Elin Bengtsson’s young adult novel Ormbunkslandet (“The Land of the Fern”, not translated into English) is about Margit and Mika, two siblings who are in love with each other. The garden shed is their refuge and hiding place, where they cuddle up to each other on piles of garden furniture, surrounded by fishing nets, tins of paint and tools, safe from Mum’s footsteps and Dad’s eyes. They also find some refuge in the forest, where they are the rulers of their own country, the Land of the Fern.
Margit and Mika have long been aware that their relationship is not accepted, that what they do is abnormal and abhorrent in other people’s eyes. As children, they tried to find a word for it on the library computer. What they found sounded to them like an insect, but more like a “creepy-crawly than a butterfly”.
The story is told from Margit’s perspective, but also indirectly from Mika’s – because they are, of course, one. They have lived symbiotically all of their lives, waging a guerrilla war together against the world. Until, that is, Mika decides that it has to stop. He leaves home and starts his national service, leaving behind a bereft Margit, excluded from the only community she has ever known. Despite being only two months away from finishing school, she leaves too, setting off for Malmö in a desperate attempt to stop her life falling apart completely.
Bengtsson describes Margit’s feelings about this unwanted separation with great precision. The story follows Margit’s attempt to cope with the pain and the void – to find a way to go on, new places to be and new people to be with. Margit no longer rules over the Land of the Fern, but there are other kingdoms to conquer out there, and other battles worth fighting. Maybe.

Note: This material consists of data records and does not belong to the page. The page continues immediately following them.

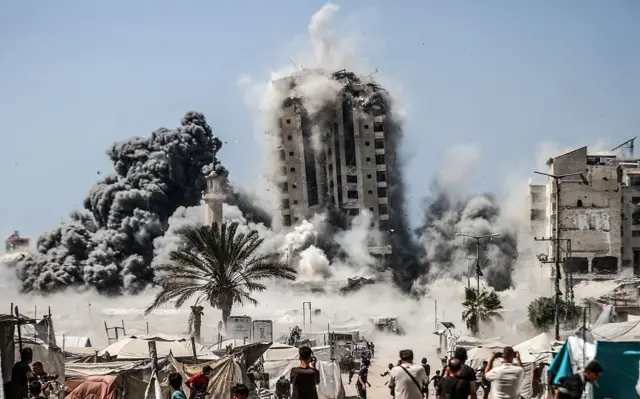 تصاعد الدخان والغبار من برج مشتهى، الواقع غرب مدينة غزة، بعد قصفه في غارات جوية إسرائيلية في قطاع غزة في 5 سبتمبر/أيلول 2025.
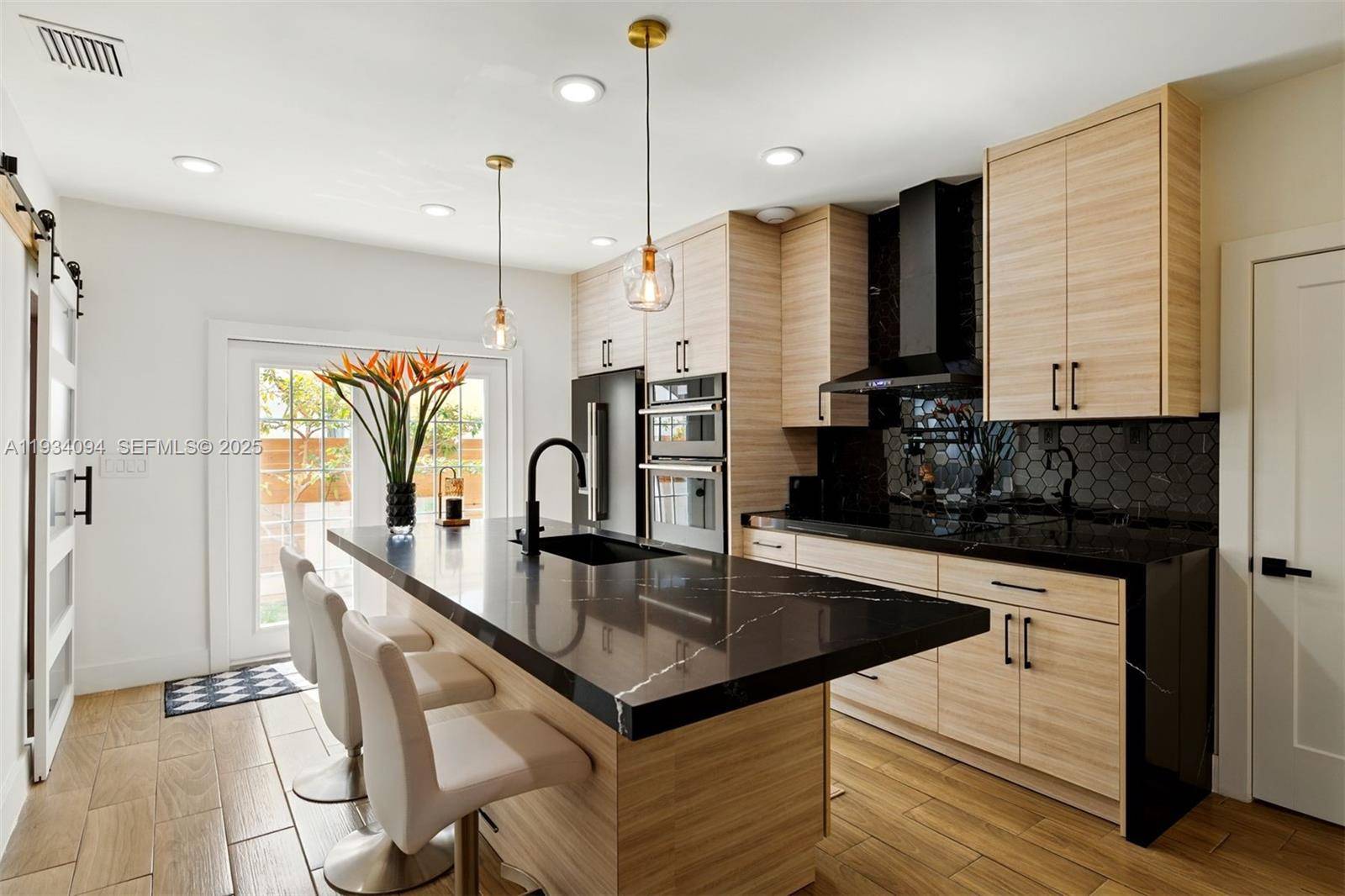 1363 Biarritz DrMiami Beach - picture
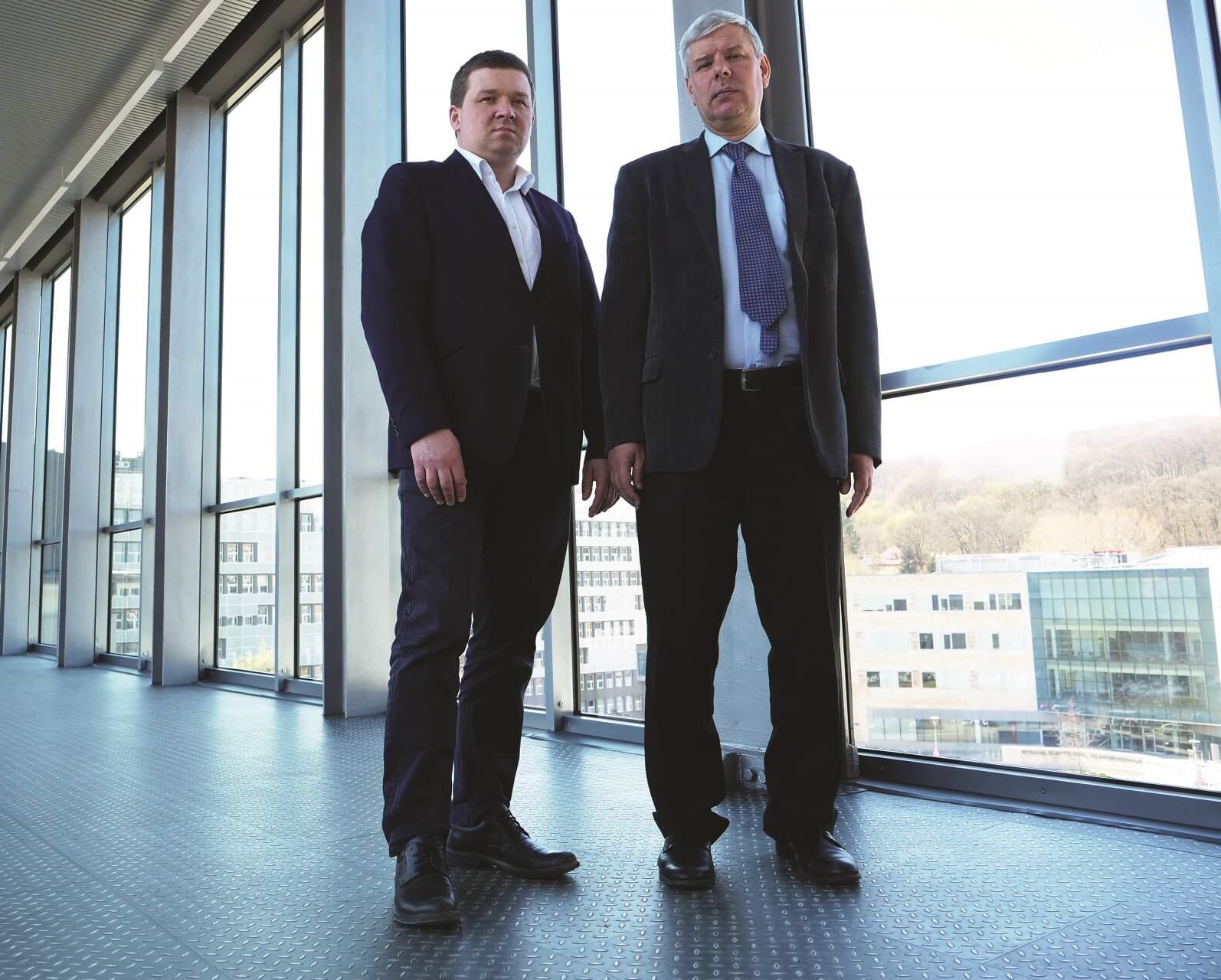 From the left: doctor engineer Marek Chodnicki and doctor habilitated engineer Zbigniew Łubniewski, professor at Gdańsk University of Technology. The men are standing against the glass wall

Ormbunkslandet is a novel about losing that which you hold dearest and which gives life meaning, and about dealing with absolute loneliness. But it is also about who is allowed to love whom in society’s eyes. Bengtsson’s empathetic portrait of Margit makes the incomprehensible comprehensible. She makes it possible for the reader to better understand one of the great taboos. And she does so in prose that is beautiful, concise and poetic. There are no unnecessary words, no needless ornamentation. Bengtsson’s feeling for language is of a rare variety.
She is an author, gender studies academic and PhD student at Stockholm University. She made her debut in 2013 with the young adult novel Mellan vinter och himmel (“Between Winter and Sky”, not translated into English). Ormbunkslandet is her second novel and was nominated for the prestigious August Prize in 2016.